(Collected data)
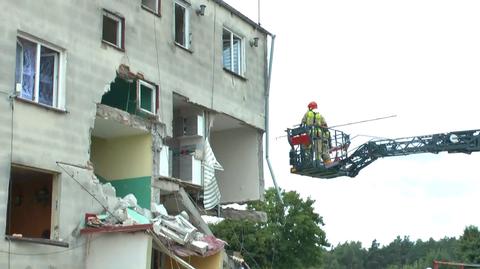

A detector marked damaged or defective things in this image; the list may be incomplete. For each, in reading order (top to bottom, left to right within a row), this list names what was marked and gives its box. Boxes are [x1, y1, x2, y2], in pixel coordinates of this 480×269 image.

damaged apartment building [0, 0, 274, 266]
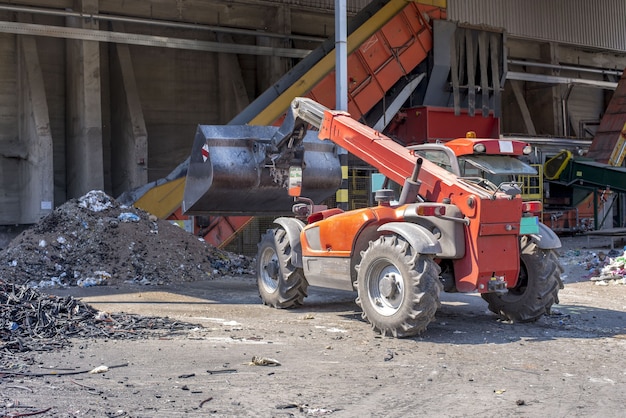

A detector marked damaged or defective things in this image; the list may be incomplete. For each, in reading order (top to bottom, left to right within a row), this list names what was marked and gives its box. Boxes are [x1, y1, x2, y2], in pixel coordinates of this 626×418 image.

rusty metal panel [446, 0, 624, 52]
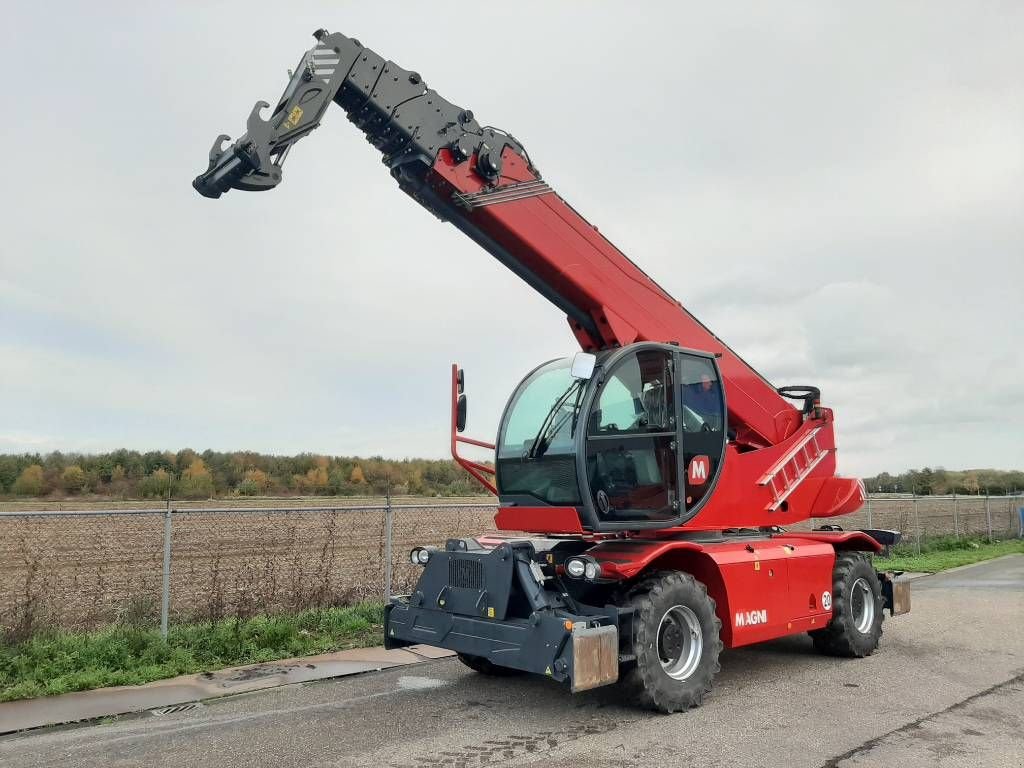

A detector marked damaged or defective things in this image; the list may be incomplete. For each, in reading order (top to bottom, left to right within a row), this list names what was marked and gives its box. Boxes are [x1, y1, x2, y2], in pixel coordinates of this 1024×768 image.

rusty metal plate on ground [569, 626, 614, 696]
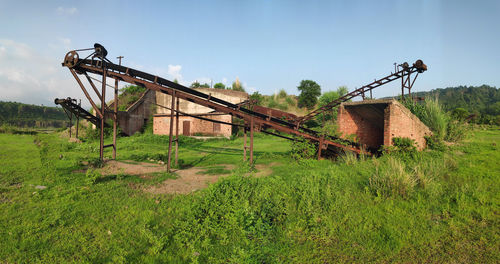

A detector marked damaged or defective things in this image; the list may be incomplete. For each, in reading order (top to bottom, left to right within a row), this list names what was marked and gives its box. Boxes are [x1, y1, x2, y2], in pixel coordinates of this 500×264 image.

rusty metal structure [58, 42, 426, 168]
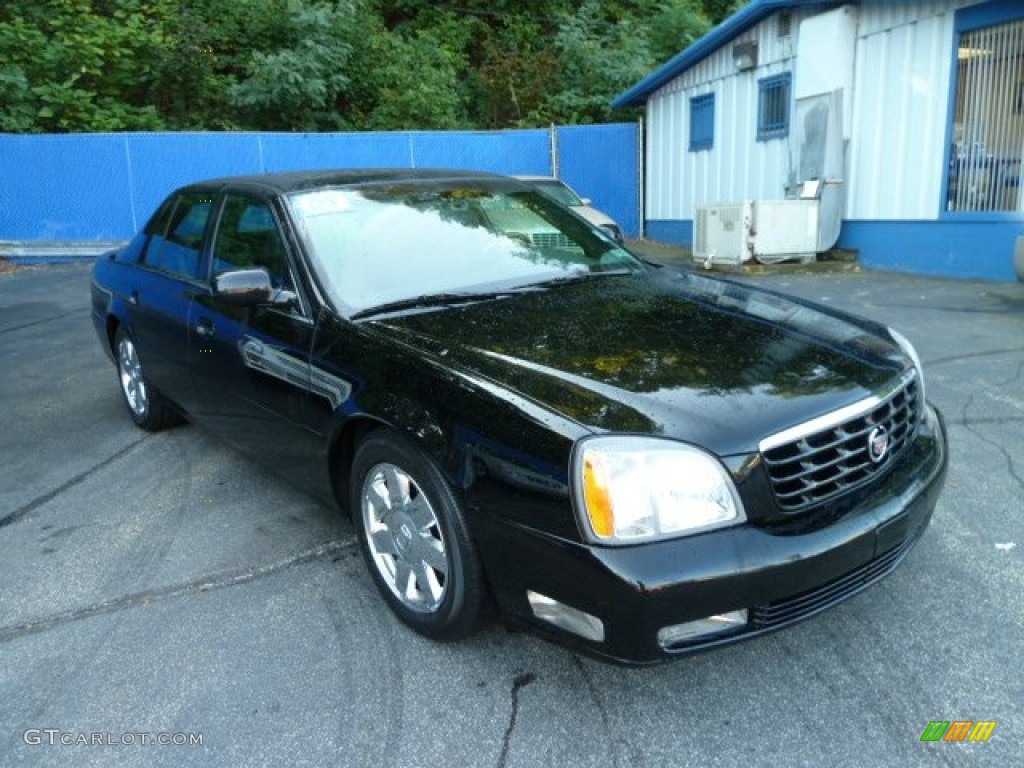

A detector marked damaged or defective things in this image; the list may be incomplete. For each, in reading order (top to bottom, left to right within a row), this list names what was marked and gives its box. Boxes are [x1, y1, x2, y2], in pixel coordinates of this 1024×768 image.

crack in asphalt [0, 436, 149, 532]
crack in asphalt [0, 536, 356, 647]
crack in asphalt [495, 671, 536, 768]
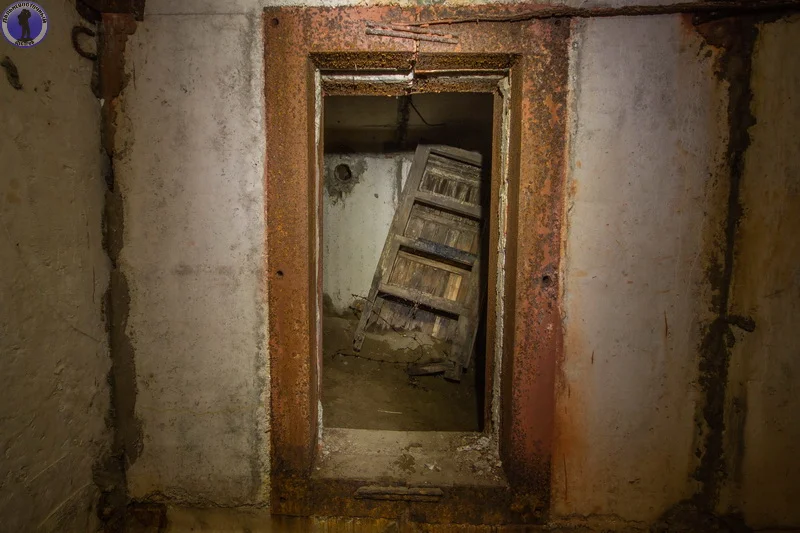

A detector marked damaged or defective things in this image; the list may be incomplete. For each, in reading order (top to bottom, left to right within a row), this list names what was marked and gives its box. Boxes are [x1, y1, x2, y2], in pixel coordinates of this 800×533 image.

rusty metal door frame [266, 6, 572, 524]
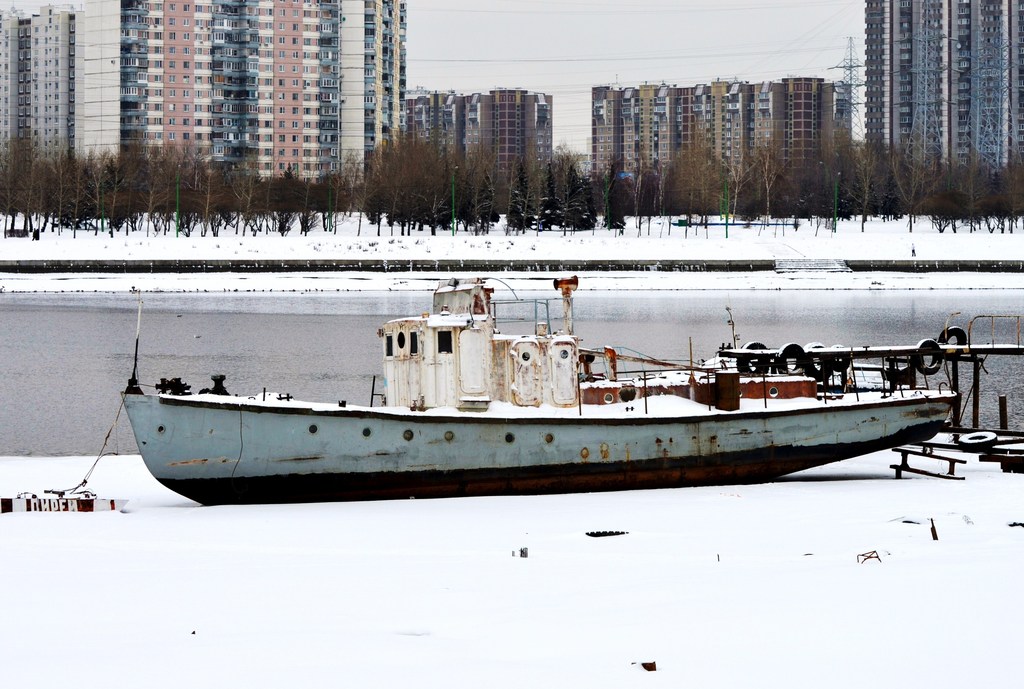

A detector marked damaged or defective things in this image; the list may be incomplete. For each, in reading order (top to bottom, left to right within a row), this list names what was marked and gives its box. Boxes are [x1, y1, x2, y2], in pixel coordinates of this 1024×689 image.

__Instructions to follow__.
Extract, word for word, each line from the one that contains "this 800×533 image." through the final line of the data above. Leave the pictures out.

__Task answer__.
A detector marked damaged or defective things in this image; the list may be incomplete. For each, in reading order (top to bottom, left to right within a row), this list names what was marked and gives its box. Boxes are [x1, y1, x2, y2], in pixel coordinates of this 800×533 image.

rusty metal door frame [266, 6, 572, 524]

A detector marked damaged or defective things in this image; the list may be incomplete. For each, in reading order (top to bottom, left to right within a row), this list names what was marked and gives its box. Boxes are [x1, y1, x2, y2], in pixel coordinates of this 1024×689 image.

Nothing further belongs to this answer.